Chemical Reaction Optimization with Catalyst Constraints¶

In this example, we demonstrate the use of interpoint constraints in a chemical optimization scenario. We optimize reaction conditions for a batch of chemical experiments where exactly 30 mol% of catalyst must be used across the entire batch, while not using more than 60 mL of solvent across the batch.

This scenario illustrates a common challenge in laboratory settings. First, it demonstrates how to enforce a catalyst requirement: Exactly 30 mol% of the catalyst must be used across the entire batch since the catalyst is supplied in a sealed, sensitive package that cannot be reused once opened. Second, it shows how to also include a solvent budget constraint for controlling the total solvent consumption across experiments for cost efficiency.

This example demonstrates how to use interpoint constraints and intrapoint constraints. An intrapoint constraint, often simply referred to as a constraint, applies to each individual experiment, ensuring that certain conditions are met within that single point. In contrast, an interpoint constraint applies across a batch of experiments, enforcing conditions that relate to the collective set of points rather than individual ones.

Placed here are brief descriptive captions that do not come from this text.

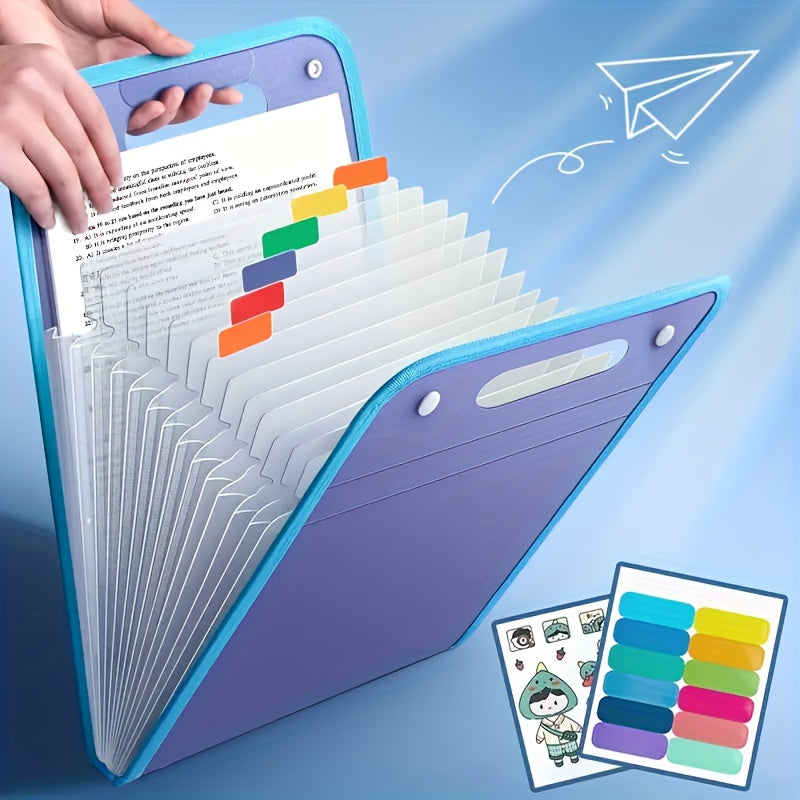 Sky Blue A4 Document Folder with Handle - Waterproof, 13-Pocket Expanding File Organizer for Students, Business & Travel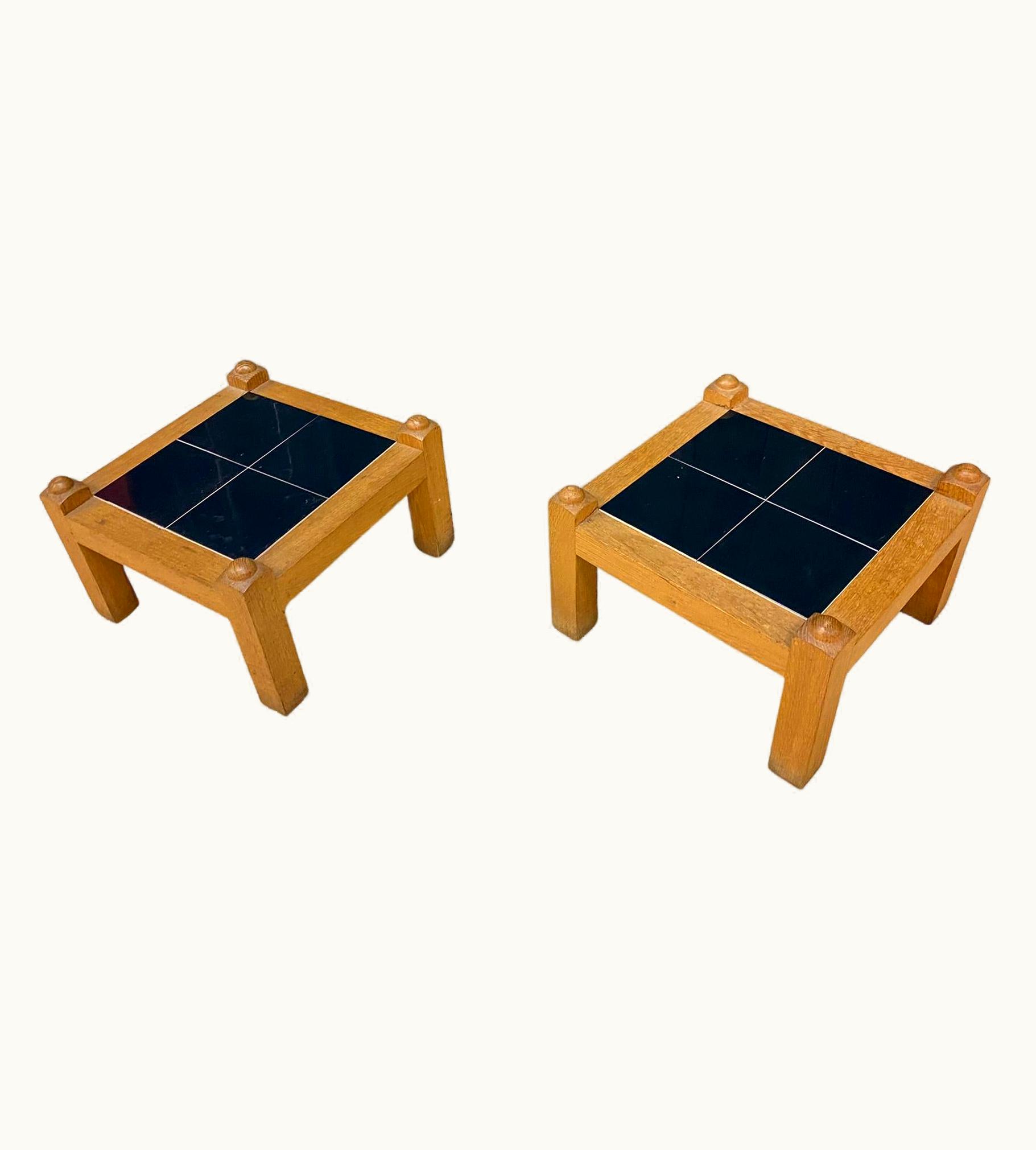 Guillerme et Chambron Pair Of Side Tables In Oak And Ceramic, Votre Maison 1970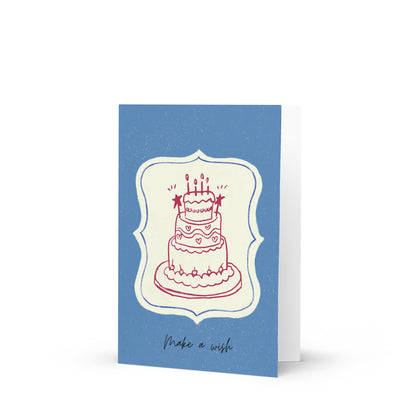 Greetings Card - Make a Wish Birthday Card | Illustrated Cake Greeting Card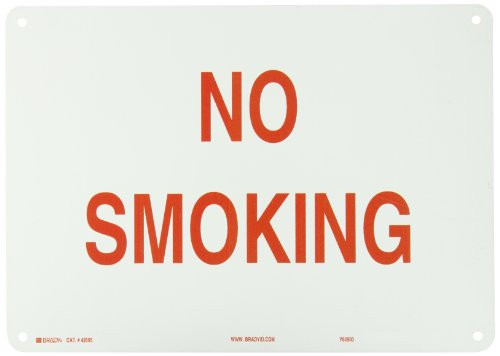 Brady 42695 14" Width x 10" Height B-555 Aluminum, Red on White "No Smoking" Sign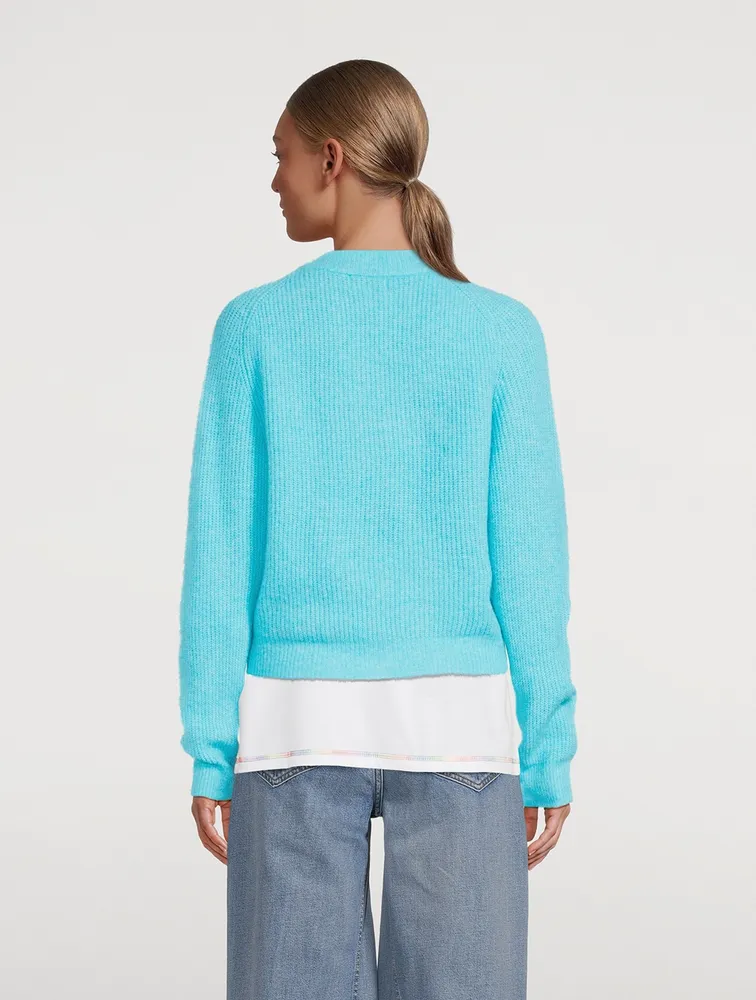 Soft Knit Cardigan With Crystal Buttons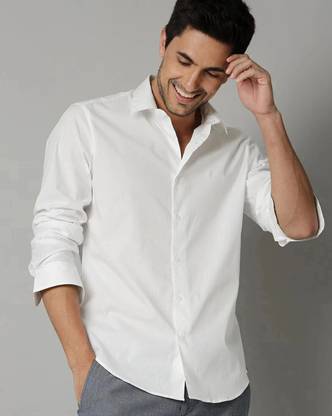threadntrends Men Solid Casual White Shirt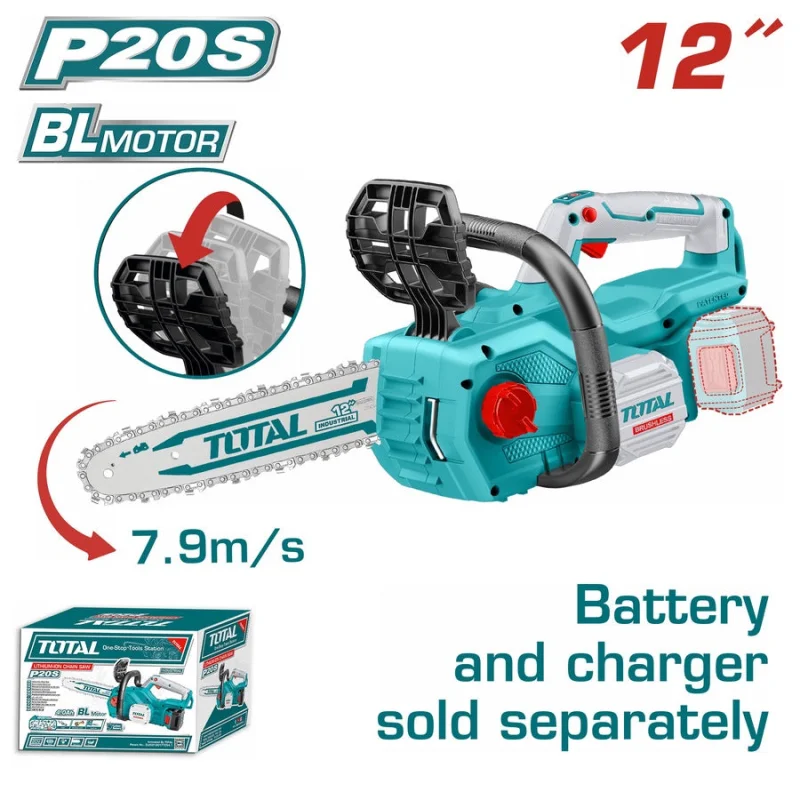 Total 12″ Chainsaw 20V Battery Powered 20V TGSLI20128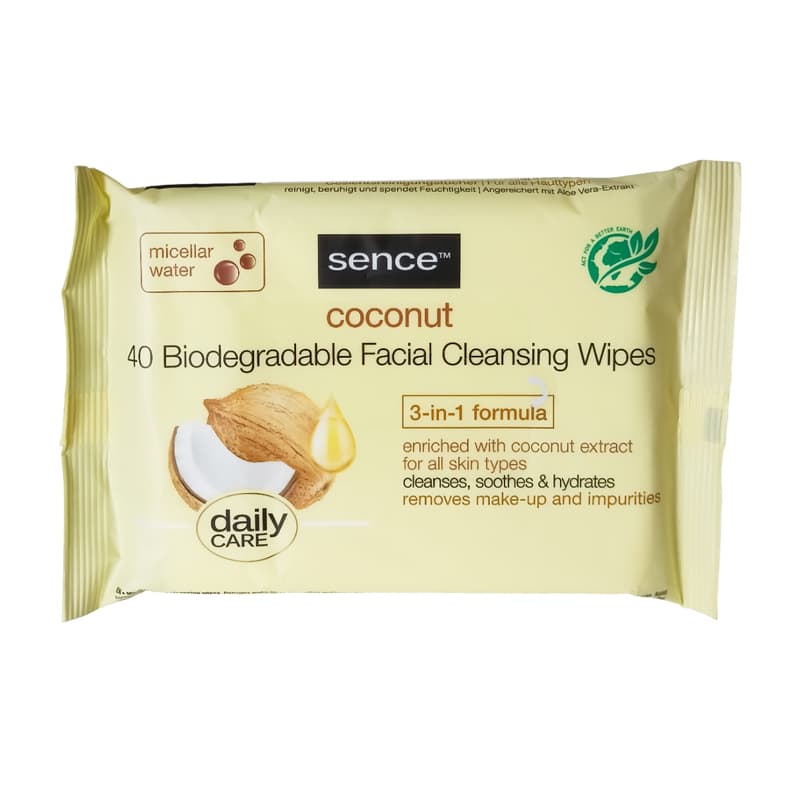 מגבונים מסיר איפור סנס SENCE WIPE COCONUT 40 PCS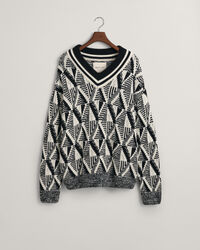 Geometric Patterned V-Neck Sweater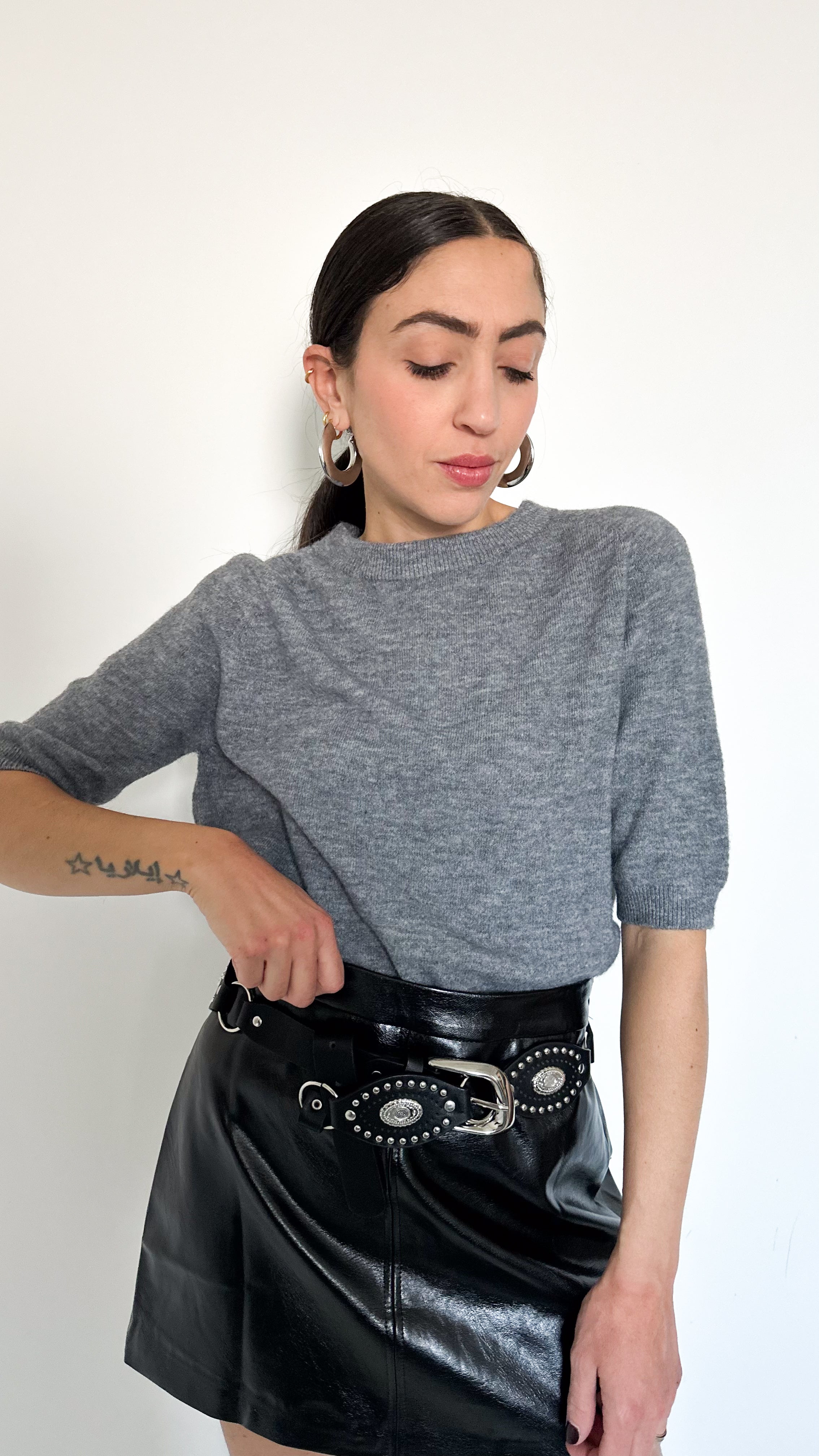 Pull Mezza Manica Grigio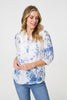 Blue | Floral 3/4 Sleeve Lace Trim Blouse
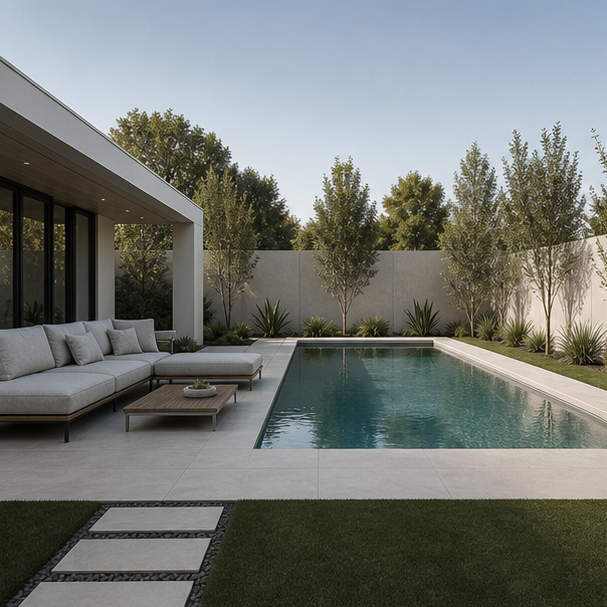 Minimalist Pool Ideas seating area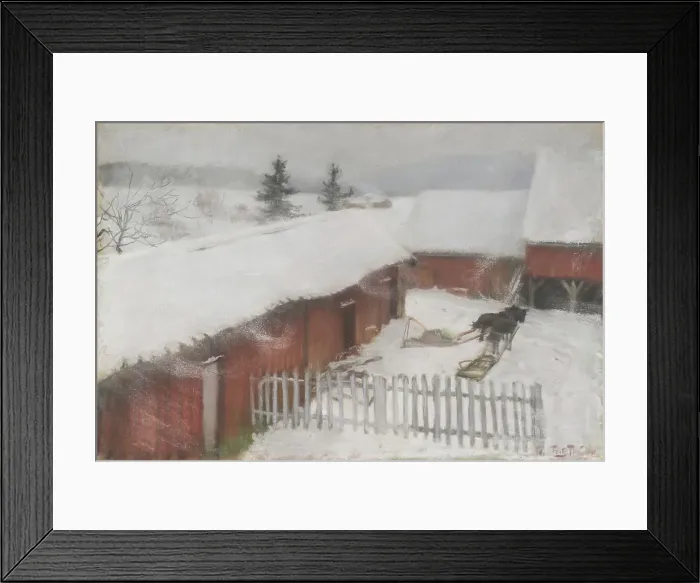 Framed Print : Winter, 1886. Creator: Frits Thaulow Framed Print : Winter, 1886. Creator: Frits Thaulow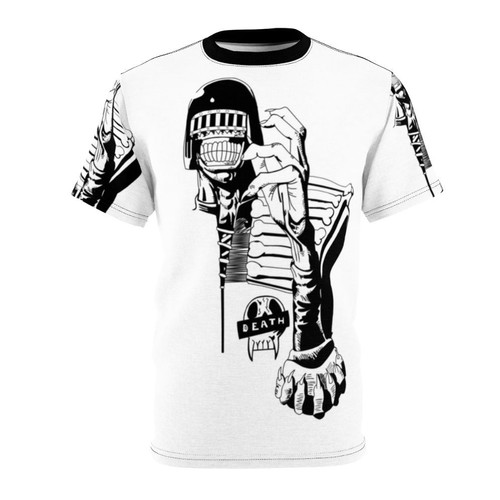 A monochrome t-shirt design inspired by the Judge Death character from the 2000AD comics, featuring a gritty line art silhouette.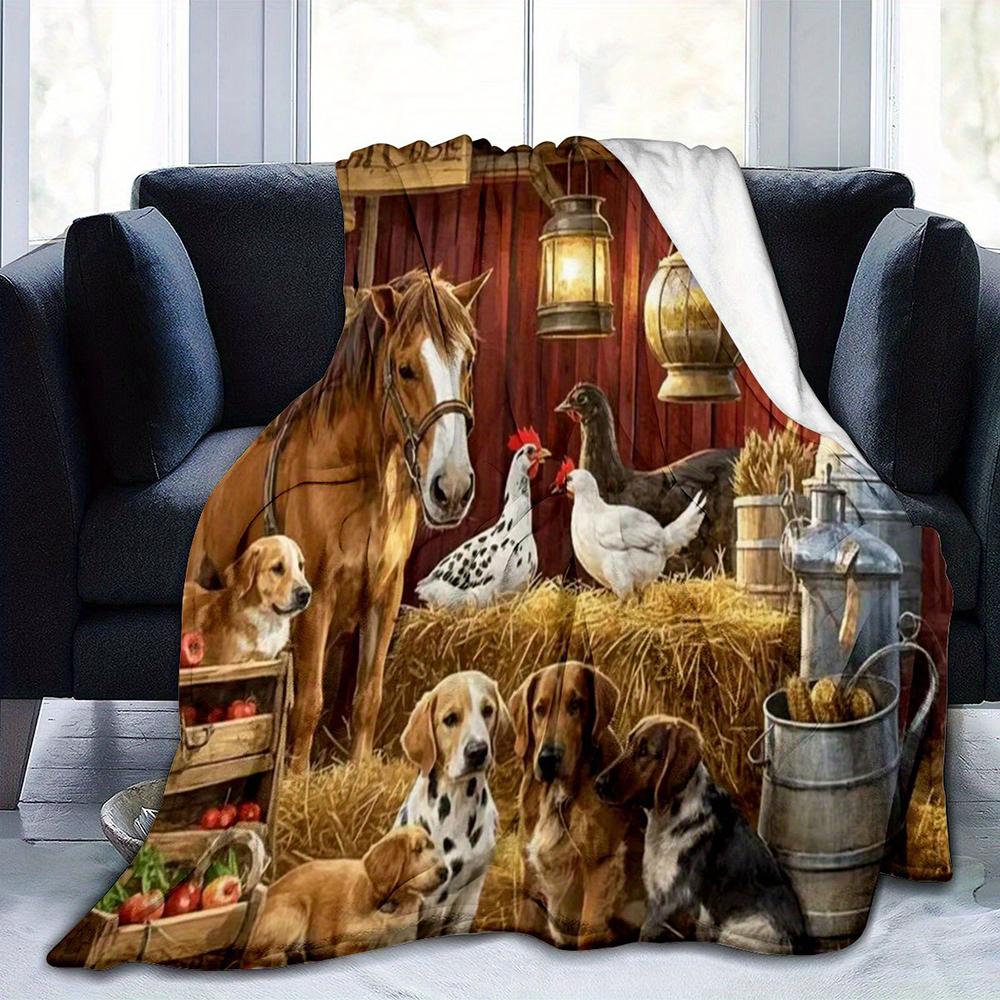 Farm Animal Print Blanket , Warm and Comfortable Throw Blanket Sofa Bed Sofa Camping Trip, the Best Gift.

These constraints are particularly useful when resources or conditions must be managed at a batch level and they allow us to:

Ensure total resource consumption meets exact requirements
Maintain chemical balances across multiple experiments
Optimize the collective use of expensive materials

For more details on interpoint constraints, see the user guide on constraints.

Imports and Settings¶

import os

import pandas as pd
from matplotlib import pyplot as plt

from baybe import Campaign
from baybe.constraints import ContinuousLinearConstraint
from baybe.parameters import NumericalContinuousParameter
from baybe.recommenders import BotorchRecommender
from baybe.searchspace import SearchSpace
from baybe.targets import NumericalTarget
from baybe.utils.dataframe import add_fake_measurements
from baybe.utils.random import set_random_seed

SMOKE_TEST = "SMOKE_TEST" in os.environ
BATCH_SIZE = 3
N_ITERATIONS = 4 if SMOKE_TEST else 15
TOLERANCE = 0.01

set_random_seed(1337)

Defining the Chemical Optimization Problem¶

We’ll optimize a synthetic chemical reaction with the following experimental parameters:

Solvent Volume (10-30 mL per experiment): The amount of solvent used
Reactant A Concentration (0.1-2.0 g/L): Primary reactant concentration
Catalyst Loading (1-10 mol%): Catalyst amount as percentage of limiting reagent
Temperature (60-120 °C): Reaction temperature Note that these ranges are chosen arbitrary and do not represent a specific real-world reaction.

parameters = [
    NumericalContinuousParameter(
        name="Solvent_Volume", bounds=(10.0, 30.0), metadata={"unit": "mL"}
    ),
    NumericalContinuousParameter(
        name="Reactant_A_Conc", bounds=(0.1, 2.0), metadata={"unit": "g/L"}
    ),
    NumericalContinuousParameter(
        name="Catalyst_Loading", bounds=(1.0, 20.0), metadata={"unit": "mol%"}
    ),
    NumericalContinuousParameter(
        name="Temperature", bounds=(60.0, 120.0), metadata={"unit": "°C"}
    ),
]

Constraint Definition¶

We define both intrapoint and interpoint constraints to demonstrate the difference:

Intrapoint constraint (applied to each individual experiment):

Reagent efficiency: For each experiment, solvent volume must be at least 5 times the reactant concentration (to ensure proper dilution)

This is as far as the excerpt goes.